THROUGH AN APOCALYPSE WITH TENT, SLEEPING BAGS, AND CAMERA

On May 18, 1980, my wife Ciel and I were camped at Hampton Lakes, in the Columbia National Wildlife Refuge in central Washington. It was Ciel’s first true camping trip ever. We had tried a couple of overnighters in the parks on Puget Sound close to home to see if she would enjoy the pastime, and since her enthusiasm ran high, we had set out for the eastern part of the state, away from crowds. What happened over the next few days was so extraordinary that immediately upon reaching home I set down my impressions:


FIRST LIGHT

Cooler day than Saturday or Friday. Planned to fish in the morning at a little pond near our campsite, eat lunch, break camp, fish Teal Lake and Winchester Wasteway during the afternoon, then camp at Ellensburg, Teanaway, or Cle Elum on Sunday night. Heard a very loud explosion, like dynamite or a cannon, followed by a second and then a third echolike bang. Thought someone was blasting on the other side of the ridge around the lake. Wondered, Why on Sunday? Why in a refuge area? What would the blasting be? An oil exploration study? Then thought it might be Army maneuvers. Again wondered, Why in a refuge?


MIDMORNING

Left the pond to walk back to our campsite at about 10:00 A.M. Noticed, casually, some building cloudiness to the west. As we strolled, we kept looking over our shoulders at the darkening sky. We were perplexed. It wasn’t supposed to rain the entire weekend. By the time we got back to camp, the clouds were large, boiling balls of dark gray lumps moving toward us quickly. Horizon to the south was red; to the north it was chalky white. I cooked lunch on the truck tailgate under a blue tarp. Ciel kept saying, “Come out and look at this.” Took a series of photographs. Lightning flashing horizontally from cloud to cloud. Sat in the tent eating as the sky grew blacker and blacker.


FORENOON

The twittering cliff swallows nesting across the water from us were getting quiet. Everything getting quiet. Eerie darkness coming on rapidly. Counted the seconds between lightning and thunder and got six.
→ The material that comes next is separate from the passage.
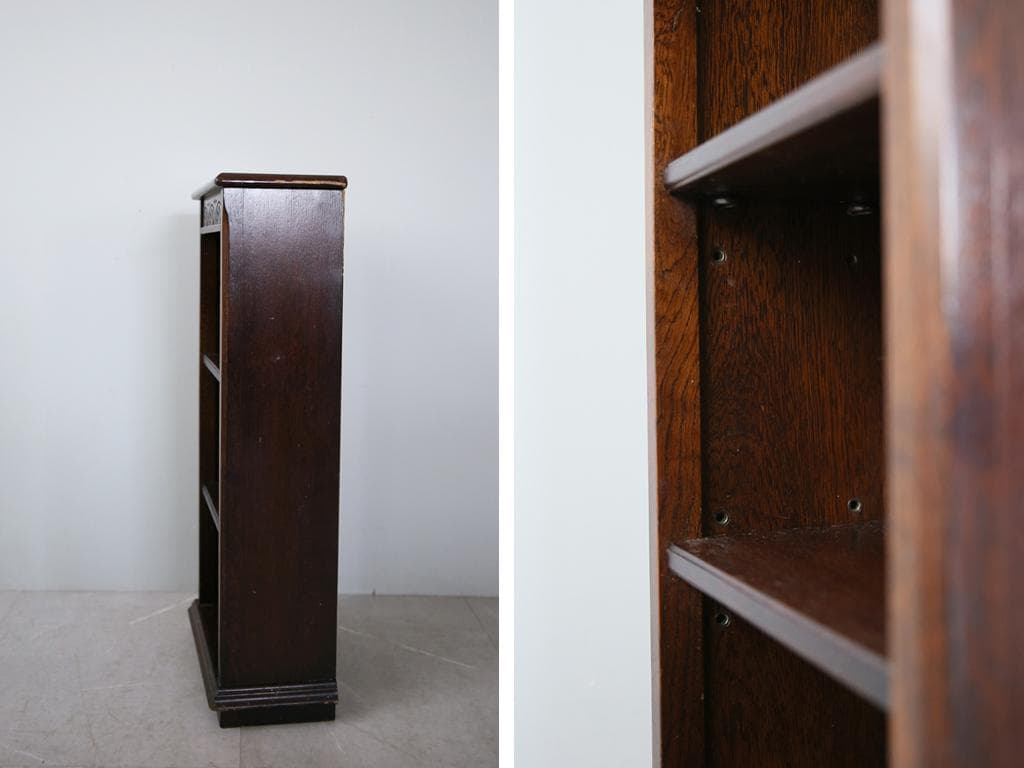 英国アンティーク木製ブックシェルフ/本棚/食器棚/飾り棚/収納ラック(92-73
Storm only about a mile away. Decided to break camp quickly before rain and thunder started in earnest. Tornadoes crossed our mind—and even nuclear holocaust. Seattle gone, and this was fallout coming? Only a brief notion.


MIDDAY

Broke camp very hastily. Had to check the area by flashlight to see if all was packed. As we got in truck, Ciel mentioned bugs against her face. I vaguely said perhaps darkness brought on a mayfly hatch. Had noticed them on the tarp when cooking lunch. When I turned on the headlights, I saw that rain was beginning to mist down. Did not register that I didn’t need windshield wipers.

Stopped at the restroom above the lake. Needed a flashlight—almost pitch-black now. As we returned to the truck, I too felt bugs against my face. Rubbed my face and felt grittiness. A sinking feeling in my stomach. Once again, with increased conviction, we thought of nuclear fallout. Hurried into the truck and turned on the radio to find out what was happening. Nothing but static and buzzing, which reinforced the idea of Seattle being nuked. When we drove up out of the canyon, the radio started to clear of static and we heard a newscaster say, “blew her top off.” In that moment, realized the whole thing. Mount St. Helens had blown, and this was downwind ash fall.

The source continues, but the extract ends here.